Son palabras, cuando no frases enteras, que suenan, hasta si se pronuncian sin el menor énfasis, como “entrecomilladas”, como si fuesen (y a menudo, se sepa o no, lo son de hecho y literalmente) “citas”. El caso es que resultan difíciles de leer sin un involuntariamente irónico retintín que supone casi un comentario crítico automático; en ocasiones parece que su lectura en alta voz sería imposible, porque podría causar hilaridad, no emoción ni conmoción.
Aprovechamos que nadie puede demostrar que hemos querido decir lo que (con toda naturalidad y razón) entiende otro lector, y que hasta podríamos negarlo, con la autoridad incontrovertible que sólo tiene al respecto el propio autor del texto, para achacar ese sentido que nos atribuyen o adivinan a un exceso interpretativo del lector, en su visión subjetiva, para osar insinuar – con precauciones y maquillajes – lo que de otro modo – de forma más llana y directa, más elemental y prosaica – no nos atreveríamos a decir.
Esto hace de la poesía, tantas veces verdad confusa pero vívidamente sentida, sea o pueda ser igualmente una máscara barroca tras la que ocultamos y manifestamos a la vez, como quien arroja la piedra y esconde la mano, como quien es deliberadamente críptico, ambiguo o hasta polisémico, lo que realmente queremos decir sin que se nos pidan cuentas por ello, o sin que nos veamos obligados a rendirlas ni a confesar que era esa nuestra intención.
Trasladar al cine toda esta problemática, la verdad, es relativamente difícil. El adjetivo “poético” aplicado a las películas, a una secuencia e incluso a un plano aislado, no tiene por qué ser un elogio – dudoso, sospechoso, para buena parte del público y de la sedicente profesión o industria, incluso a menudo para la crítica, que lo emplea como un “comodín” que puede ser loatorio o demoledor según convenga o lo precise el contexto – y muy bien puede (o suele) disimular u ocultar una oblicua censura por parte de quien emplea tal calificativo. No es, ciertamente, lo más prometedor, atractivo o incitante que pueden decirme de una película. Y si yo las hiciera, pocos supuestos halagos me intranquilizarían tanto como que me considerasen muy “poético”.

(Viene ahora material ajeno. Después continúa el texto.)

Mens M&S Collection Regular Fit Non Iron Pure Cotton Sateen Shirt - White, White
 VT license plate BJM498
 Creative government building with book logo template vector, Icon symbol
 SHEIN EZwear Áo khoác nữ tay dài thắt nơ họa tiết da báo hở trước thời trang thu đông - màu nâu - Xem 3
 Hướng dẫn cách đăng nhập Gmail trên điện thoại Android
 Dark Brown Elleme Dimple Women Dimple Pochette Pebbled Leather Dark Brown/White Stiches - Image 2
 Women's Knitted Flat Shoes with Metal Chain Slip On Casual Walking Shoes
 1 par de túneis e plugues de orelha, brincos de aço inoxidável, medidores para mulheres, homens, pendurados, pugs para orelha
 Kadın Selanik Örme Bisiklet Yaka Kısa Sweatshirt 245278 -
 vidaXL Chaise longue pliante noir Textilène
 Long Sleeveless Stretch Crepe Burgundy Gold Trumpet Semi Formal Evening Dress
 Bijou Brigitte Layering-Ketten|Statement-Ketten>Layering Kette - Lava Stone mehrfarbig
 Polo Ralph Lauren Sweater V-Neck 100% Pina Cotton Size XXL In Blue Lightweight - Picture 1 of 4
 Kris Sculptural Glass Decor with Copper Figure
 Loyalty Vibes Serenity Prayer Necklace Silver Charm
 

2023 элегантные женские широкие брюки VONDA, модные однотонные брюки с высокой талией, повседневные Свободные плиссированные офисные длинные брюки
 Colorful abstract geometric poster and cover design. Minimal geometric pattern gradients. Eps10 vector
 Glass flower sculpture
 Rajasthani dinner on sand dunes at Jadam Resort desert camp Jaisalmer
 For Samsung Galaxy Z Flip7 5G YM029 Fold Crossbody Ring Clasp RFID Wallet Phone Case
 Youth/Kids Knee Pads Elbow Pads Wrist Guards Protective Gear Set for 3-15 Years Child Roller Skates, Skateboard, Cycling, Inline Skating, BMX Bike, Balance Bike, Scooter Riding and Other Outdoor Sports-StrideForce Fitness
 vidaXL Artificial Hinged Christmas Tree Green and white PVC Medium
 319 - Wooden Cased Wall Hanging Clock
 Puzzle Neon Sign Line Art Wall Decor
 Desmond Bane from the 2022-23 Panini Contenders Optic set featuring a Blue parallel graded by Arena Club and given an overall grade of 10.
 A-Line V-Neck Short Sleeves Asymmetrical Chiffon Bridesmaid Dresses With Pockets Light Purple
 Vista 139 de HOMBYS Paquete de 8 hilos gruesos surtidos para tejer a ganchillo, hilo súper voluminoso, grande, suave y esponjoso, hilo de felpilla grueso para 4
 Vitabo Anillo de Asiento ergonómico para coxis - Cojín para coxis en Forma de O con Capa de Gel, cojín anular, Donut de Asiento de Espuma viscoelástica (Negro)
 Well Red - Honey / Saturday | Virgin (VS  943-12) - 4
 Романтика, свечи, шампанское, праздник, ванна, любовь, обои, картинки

La naturaleza “realista” de la parte de la “naturaleza” del cine que procede de la reproducción fotográfica externa, mera huella impresa de una realidad externa, sea natural y preexistente o, por el contrario, meditada, elaborada y creada (inventada, hasta imposible) ex profeso a partir de “la nada”, hace necesario un esfuerzo aún mayor, más costoso y dilatado, para introducirse en los terrenos movedizos y neblinosos de lo que, no siempre con propiedad, se considera “poético”.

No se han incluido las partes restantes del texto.